(Aim of the exercise)
Copy, exactly as written, the lines that begin at the one containing "Fica strieda Peter" and end at the one containing "Housse isolante pour". Skip any pictures in the data below.

(Input data)
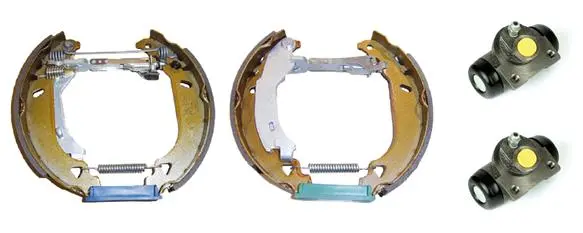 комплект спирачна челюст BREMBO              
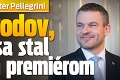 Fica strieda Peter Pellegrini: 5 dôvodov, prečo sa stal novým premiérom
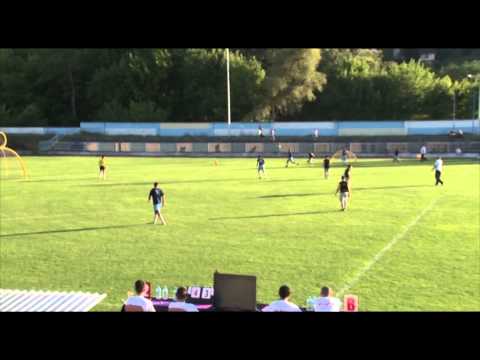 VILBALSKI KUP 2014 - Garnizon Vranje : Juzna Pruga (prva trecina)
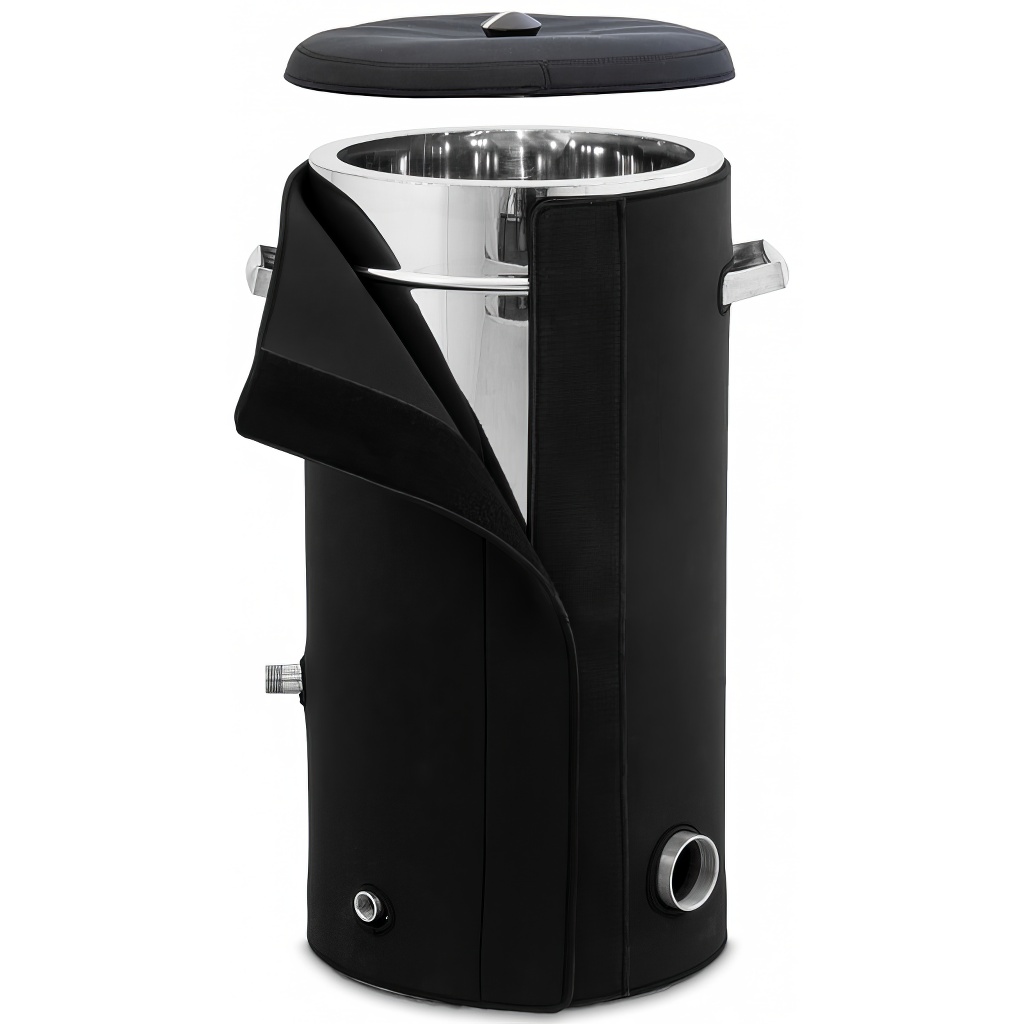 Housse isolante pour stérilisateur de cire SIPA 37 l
==
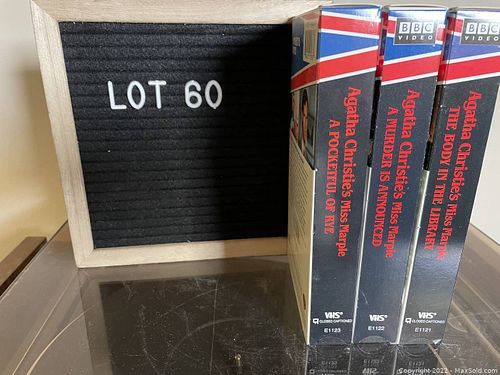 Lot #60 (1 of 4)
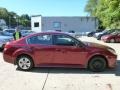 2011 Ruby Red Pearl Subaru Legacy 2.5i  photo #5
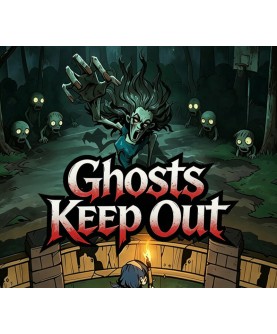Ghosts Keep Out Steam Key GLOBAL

(Response to this exercise)
 Fica strieda Peter Pellegrini: 5 dôvodov, prečo sa stal novým premiérom
 VILBALSKI KUP 2014 - Garnizon Vranje : Juzna Pruga (prva trecina)
 Housse isolante pour stérilisateur de cire SIPA 37 l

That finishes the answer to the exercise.